Mikhail lança un regard furieux et se précipita pour disparaître. Dans le couloir, il attendit Alevtina.

« Comment oses-tu venir ici ? Je t’ai clairement dit de rester à la maison ! »

« Mikhail, tu n’as plus le droit de m’interdire quoi que ce soit. J’en ai assez d’être ta ‘femme obéissante’, et tu n’as jamais été un vrai mari. Ce jeu est terminé. »

« Tu crois que ça m’intimide ? Qui es-tu pour me dire quoi que ce soit ? »

Avant, sa rudesse lui faisait mal, mais maintenant, son regard restait froid et indifférent.

« Misha, ne fais pas de scène. Les gens pourraient entendre. Au cas où tu l’aurais oublié, je suis maintenant ton patron. Et toi, qui es-tu pour me parler sur ce ton ? Au fait, j’ai demandé le divorce. Tu as toujours voulu la liberté pour tes divertissements ? Eh bien, maintenant tu as l’opportunité de l’avoir. Bonne chance. »

Alevtina fit un petit geste de la main, attirant l’attention de quelqu’un. La même nouvelle employée que Mikhail avait prévu de passer la soirée avec s’approcha d’elle. Ensemble, elles se dirigèrent vers le bar. Il les observa, voyant tout le monde profiter de la fête, et soudain, il comprit : son monde commençait à s’effondrer devant ses yeux. Que faire ? Des mesures devaient être prises d’urgence.

Mikhail se hâta de rattraper sa femme. « Si tu as vraiment besoin d’un emploi, pour l’amour de Dieu. Mais n’oublie pas tes tâches ménagères. Il faut toujours que tout soit prêt et propre. Et bien sûr, tu ne devrais pas occuper de hauts postes. Tu n’as pas les compétences nécessaires. Peut-être que tu trouveras quelque chose de plus simple, comme un temps partiel ? »

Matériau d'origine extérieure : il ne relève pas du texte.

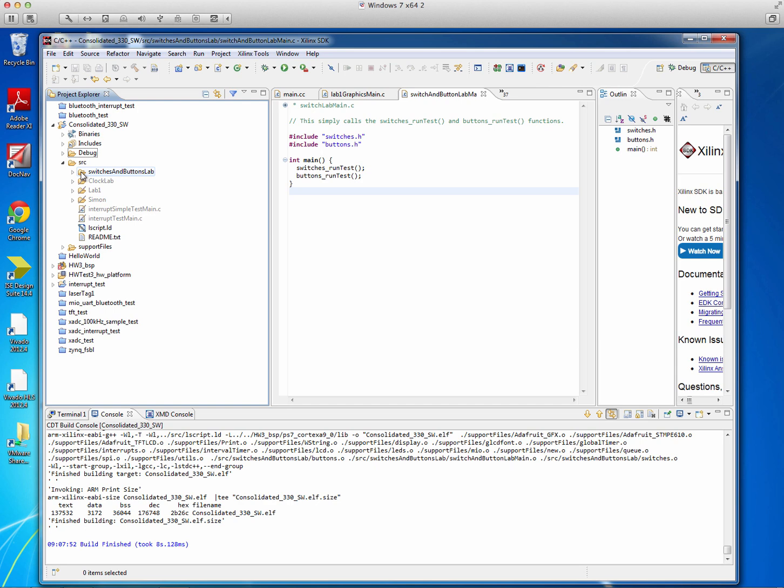Now, as you're going to be building multiple labs during the semester, each lab is going to have its own main function. As I mentioned in a previous video, there's a way to exclude those because you can only have one main function for the entire project, where the project is right here. Organizing your files in subdirectories this way makes this quite easy, though.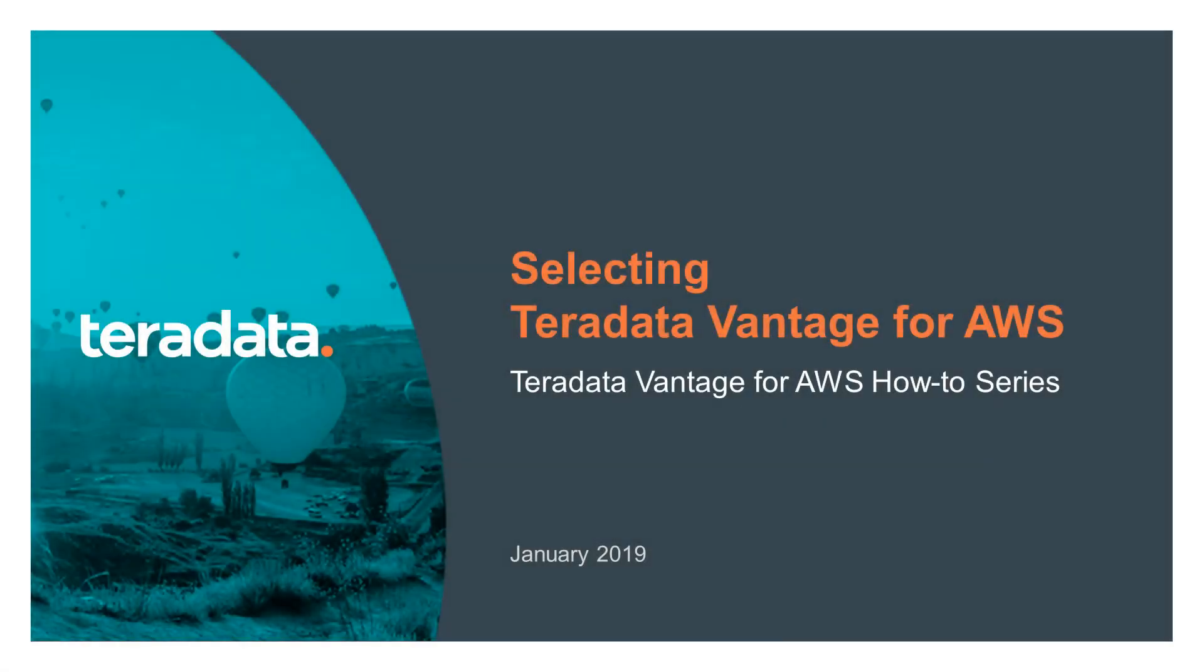Welcome to the Selecting Teradata Vantage for AWS episode of the Teradata Vantage for AWS How-To Series. These series of episodes will walk you through the setup of Teradata Vantage for the AWS Public Cloud.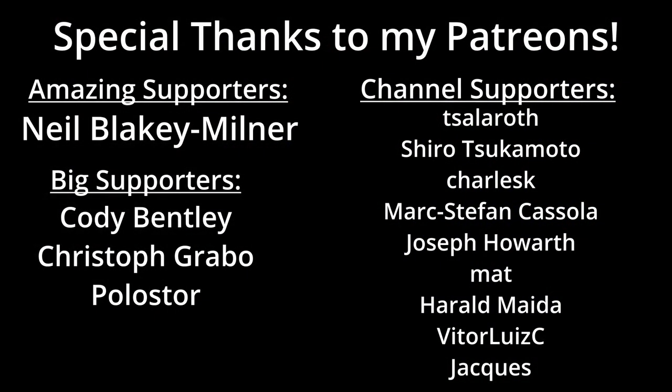As always thank you so much to my wonderful supporters on Patreon. It really means the world to me and I can't say how great it is to have so much support. There's a link to join the discord in the description and please remember to like and subscribe. Thank you for watching.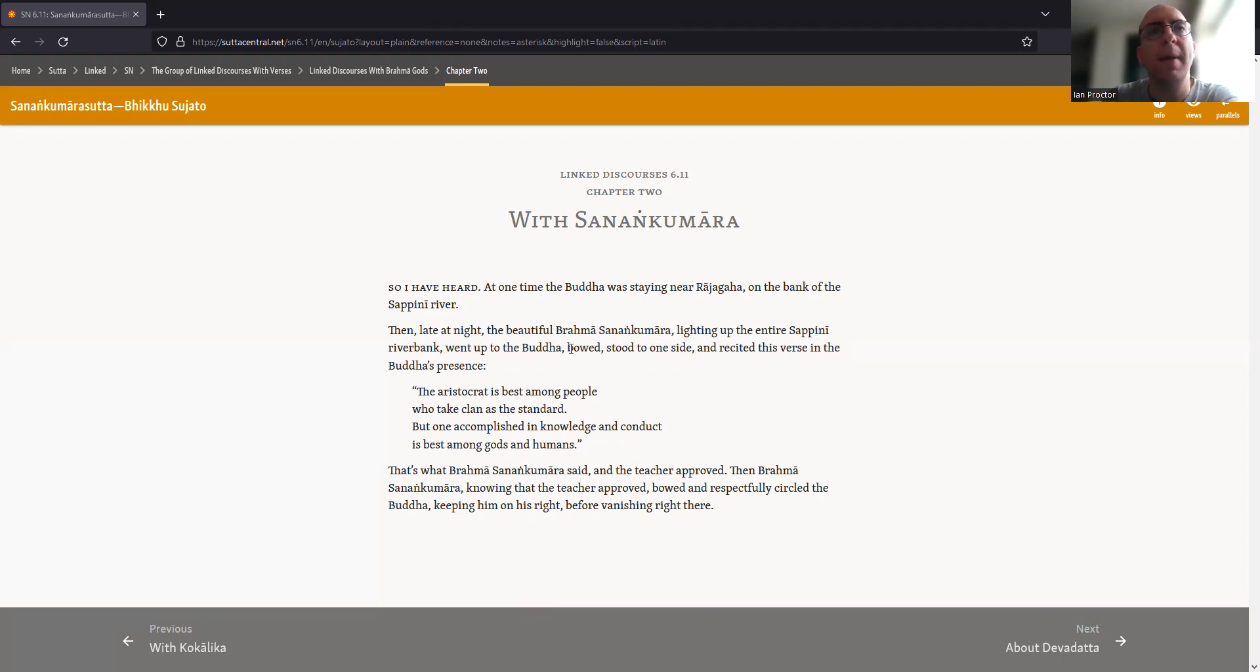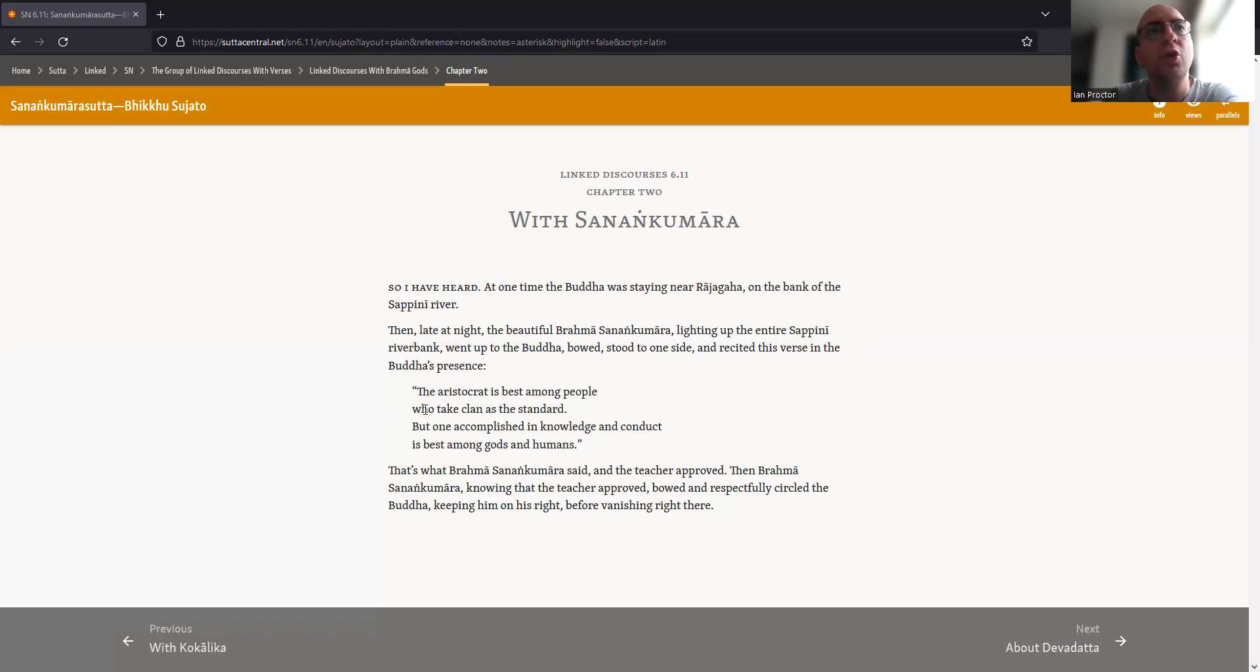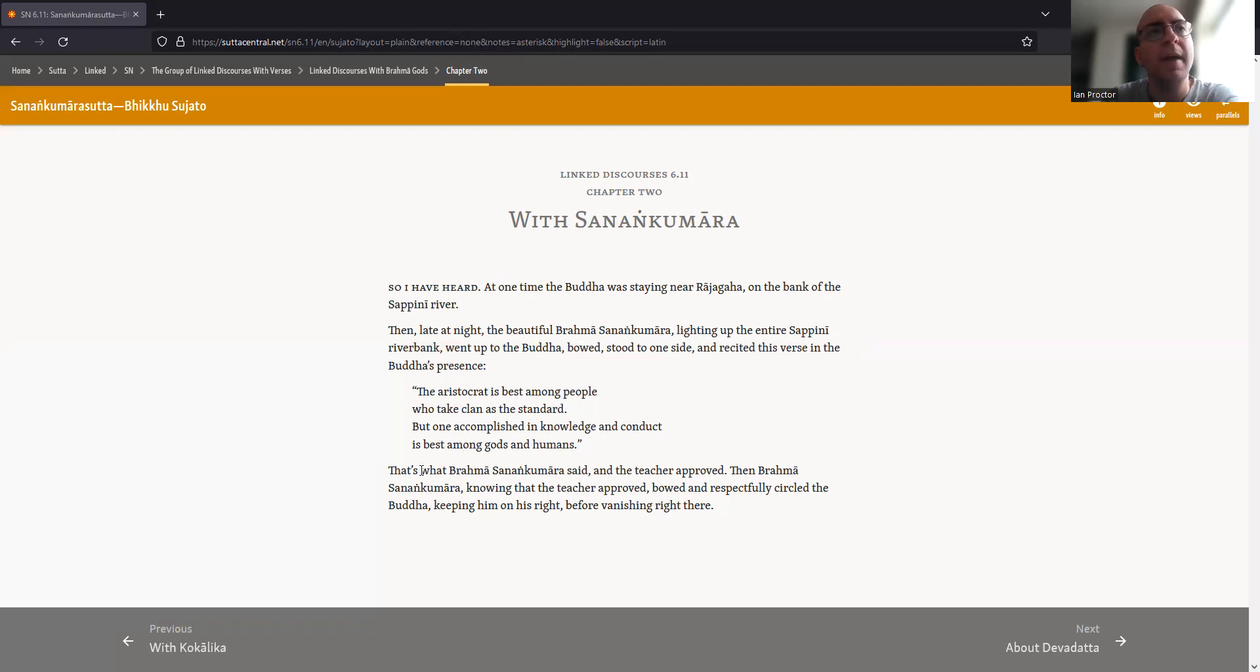He bowed, stood to one side, and recited this verse in the Buddha's presence: The aristocrat is best among people who take clan as the standard, but one accomplished in knowledge and conduct is best among gods and humans.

Elle garda le silence, et Mikhail sentit immédiatement un regain de confiance. Maintenant, il savait comment arranger la situation. Elle reviendrait à la maison, redevenant la femme soumise et sans voix qu’elle avait été. Mais Alevtina, le regard glacial, lui répondit : « Les problèmes personnels peuvent être discutés plus tard. Pour l’instant, Mikhail, garde la subordination. »

Après ces mots, il resta figé sur place, puis se tourna lentement et se dirigea vers la sortie. Il n’y avait plus rien à faire ici. Plus tard, assis près de la fenêtre, il attendit son retour. Lorsqu’il vit son patron la ramener chez elle, son cœur se serra – c’était vraiment fini.